Equations containing circular functions
and unit circle... solve
2cosx sinx + sinx = 0
To solve the equation 2cos(x)sin(x) + sin(x) = 0, we can factor out sin(x) from both terms:
sin(x)(2cos(x) + 1) = 0
Now we have two factors in the equation: sin(x) = 0 and 2cos(x) + 1 = 0.
Let's solve each of these factors separately:
1. sin(x) = 0:
To find the solutions for this factor, we need to determine the values of x that make sin(x) equal to zero. Since sin(x) is zero at x = 0, π, 2π, and so on, the general solutions for this factor are x = nπ, where n is an integer.
2. 2cos(x) + 1 = 0:
To solve this factor, we need to isolate cos(x). Subtracting 1 from both sides, we have:
2cos(x) = -1
Dividing both sides by 2, we get:
cos(x) = -1/2
To find the values of x that satisfy this equation, we can use the unit circle or the trigonometric values of special angles.
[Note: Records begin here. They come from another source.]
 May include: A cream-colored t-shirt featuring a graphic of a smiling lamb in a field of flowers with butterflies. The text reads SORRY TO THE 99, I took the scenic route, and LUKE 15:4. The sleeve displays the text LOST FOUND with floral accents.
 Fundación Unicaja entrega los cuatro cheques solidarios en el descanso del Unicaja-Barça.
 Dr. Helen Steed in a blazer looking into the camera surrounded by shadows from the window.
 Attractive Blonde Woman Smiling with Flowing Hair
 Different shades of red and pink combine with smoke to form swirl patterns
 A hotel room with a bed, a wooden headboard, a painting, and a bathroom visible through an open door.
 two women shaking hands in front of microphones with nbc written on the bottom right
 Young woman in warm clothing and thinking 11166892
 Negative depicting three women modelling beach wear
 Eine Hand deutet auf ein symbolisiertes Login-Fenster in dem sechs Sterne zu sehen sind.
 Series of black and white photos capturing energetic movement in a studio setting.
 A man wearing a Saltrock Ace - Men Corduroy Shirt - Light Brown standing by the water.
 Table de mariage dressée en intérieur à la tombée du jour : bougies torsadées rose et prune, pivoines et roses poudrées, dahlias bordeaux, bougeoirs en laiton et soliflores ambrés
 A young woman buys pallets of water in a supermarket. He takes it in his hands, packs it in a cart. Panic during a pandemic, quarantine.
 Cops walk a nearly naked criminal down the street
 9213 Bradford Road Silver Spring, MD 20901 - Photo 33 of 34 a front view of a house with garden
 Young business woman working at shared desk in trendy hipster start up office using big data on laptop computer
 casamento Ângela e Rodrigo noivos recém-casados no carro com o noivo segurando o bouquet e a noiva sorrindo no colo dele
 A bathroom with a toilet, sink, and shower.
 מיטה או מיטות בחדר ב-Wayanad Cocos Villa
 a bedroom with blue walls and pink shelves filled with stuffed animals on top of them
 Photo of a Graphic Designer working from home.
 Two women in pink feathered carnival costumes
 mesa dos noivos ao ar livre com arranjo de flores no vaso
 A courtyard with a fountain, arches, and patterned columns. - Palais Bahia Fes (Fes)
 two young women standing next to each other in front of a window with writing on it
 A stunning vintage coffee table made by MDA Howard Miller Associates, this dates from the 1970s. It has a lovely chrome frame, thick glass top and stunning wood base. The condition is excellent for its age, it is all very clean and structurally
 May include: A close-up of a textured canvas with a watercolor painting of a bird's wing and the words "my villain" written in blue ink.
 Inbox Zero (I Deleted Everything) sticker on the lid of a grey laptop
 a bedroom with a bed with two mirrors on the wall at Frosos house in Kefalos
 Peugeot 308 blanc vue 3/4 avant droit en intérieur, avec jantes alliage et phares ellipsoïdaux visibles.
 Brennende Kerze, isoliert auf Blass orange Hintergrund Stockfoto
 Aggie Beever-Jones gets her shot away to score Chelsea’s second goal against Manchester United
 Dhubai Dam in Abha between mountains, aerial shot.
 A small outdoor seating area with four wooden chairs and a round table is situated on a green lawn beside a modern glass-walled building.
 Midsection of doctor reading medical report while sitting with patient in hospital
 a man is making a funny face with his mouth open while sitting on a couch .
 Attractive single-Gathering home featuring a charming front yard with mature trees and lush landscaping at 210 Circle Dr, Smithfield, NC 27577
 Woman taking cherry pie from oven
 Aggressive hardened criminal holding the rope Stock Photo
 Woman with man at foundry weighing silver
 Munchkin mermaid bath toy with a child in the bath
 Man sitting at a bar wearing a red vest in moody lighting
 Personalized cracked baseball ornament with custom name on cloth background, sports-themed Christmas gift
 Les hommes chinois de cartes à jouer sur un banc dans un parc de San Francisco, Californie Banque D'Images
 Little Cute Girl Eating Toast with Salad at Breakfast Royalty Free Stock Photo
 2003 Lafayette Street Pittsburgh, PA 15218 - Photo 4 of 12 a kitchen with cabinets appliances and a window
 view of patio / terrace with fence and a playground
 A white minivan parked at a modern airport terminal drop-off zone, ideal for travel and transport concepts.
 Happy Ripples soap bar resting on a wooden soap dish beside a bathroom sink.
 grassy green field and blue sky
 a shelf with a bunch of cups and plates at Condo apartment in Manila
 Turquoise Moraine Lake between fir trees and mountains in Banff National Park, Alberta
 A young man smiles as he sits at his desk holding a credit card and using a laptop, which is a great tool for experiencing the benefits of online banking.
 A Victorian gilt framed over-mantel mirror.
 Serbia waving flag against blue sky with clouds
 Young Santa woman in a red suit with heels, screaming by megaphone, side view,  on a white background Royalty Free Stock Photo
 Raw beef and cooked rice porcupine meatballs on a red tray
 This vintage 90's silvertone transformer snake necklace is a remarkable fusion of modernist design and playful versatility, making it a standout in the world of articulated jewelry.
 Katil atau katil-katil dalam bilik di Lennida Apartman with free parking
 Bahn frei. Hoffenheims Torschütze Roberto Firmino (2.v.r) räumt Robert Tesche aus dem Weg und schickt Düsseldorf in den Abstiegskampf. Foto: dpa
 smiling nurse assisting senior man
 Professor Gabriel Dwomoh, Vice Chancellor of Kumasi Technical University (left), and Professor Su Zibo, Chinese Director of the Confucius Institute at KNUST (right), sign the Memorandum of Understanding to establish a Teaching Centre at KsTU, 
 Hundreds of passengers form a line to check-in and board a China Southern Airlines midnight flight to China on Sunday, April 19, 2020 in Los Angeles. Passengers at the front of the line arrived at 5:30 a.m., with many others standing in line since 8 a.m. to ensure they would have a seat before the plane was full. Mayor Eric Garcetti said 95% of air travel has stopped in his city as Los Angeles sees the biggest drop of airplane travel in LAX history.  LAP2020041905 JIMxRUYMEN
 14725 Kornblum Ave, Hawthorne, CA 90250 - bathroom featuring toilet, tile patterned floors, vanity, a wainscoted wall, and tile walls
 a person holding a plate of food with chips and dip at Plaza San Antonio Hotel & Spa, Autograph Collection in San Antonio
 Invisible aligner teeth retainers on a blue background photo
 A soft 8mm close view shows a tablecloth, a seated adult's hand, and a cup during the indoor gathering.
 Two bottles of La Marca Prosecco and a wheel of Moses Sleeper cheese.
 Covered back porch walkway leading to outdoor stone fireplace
From the unit circle, we know that cos(x) is -1/2 at two angles: x = 2π/3 and x = 4π/3.
So, the general solutions for this factor are x = 2π/3 + 2nπ and x = 4π/3 + 2nπ, where n is an integer.
Combining the solutions for both factors, we have the general solution to the equation 2cos(x)sin(x) + sin(x) = 0 as:
x = nπ, 2π/3 + 2nπ, and 4π/3 + 2nπ, where n is an integer.